Building block number five is the one issue I have with the whole cooking ahead thing. I think it is just better to make this as needed as rice in my opinion gets yucky after freezing. I thawed some out yesterday and went.. ewwww.. So make this as needed with recipes. Its not that difficult anyways. Just downsize the portions as needed. This recipe makes 15 cups. It is a delightful Pilaf when freshly prepared. I used red onions in mine and really enjoyed it. Again, this is straight from the September issue of Everyday with Rachel Ray.
Rice Pilaf
3 tbsp EVOO
3 onions, cut into 1/2 inch pieces
3 1/4 cups long grain rice
2 1/4 cups chicken broth
4 bay leaves
16 oz frozen peas
1. In a 7 qt dutch oven, heat the EVOO over medium-high heat. Add the onions, 1/2 tsp salt and 1/4 tsp pepper and cook, stirring often, until golden and translucent, 8-10 minutes.

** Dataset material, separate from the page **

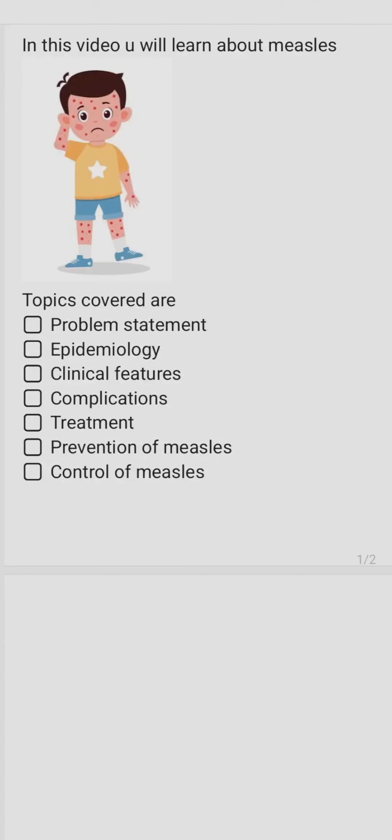Welcome to this video on measles. The topics covered include the problem statement of measles, epidemiology of measles covering agent, host, and environment factors, clinical features, complications, treatment, and prevention of measles including the measles vaccine and control of measles.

2. Add the rice and cook, stirring, for 1 minute. Add 2 1/4 cups water, the chicken broth, bay leaves, 2 tsp salt and 1 tsp pepper and bring to a boil. Stir, cover, lower the heat and simmer, undisturbed, until the liquid is absorbed and the rice is tender, 20-25 minutes. Remove from the heat and fluff with a fork. Quickly scatter the peas on top, cover and let stand for 5 minutes. Uncover and let cool completely, tossing once or twice. Discard the bay leaves.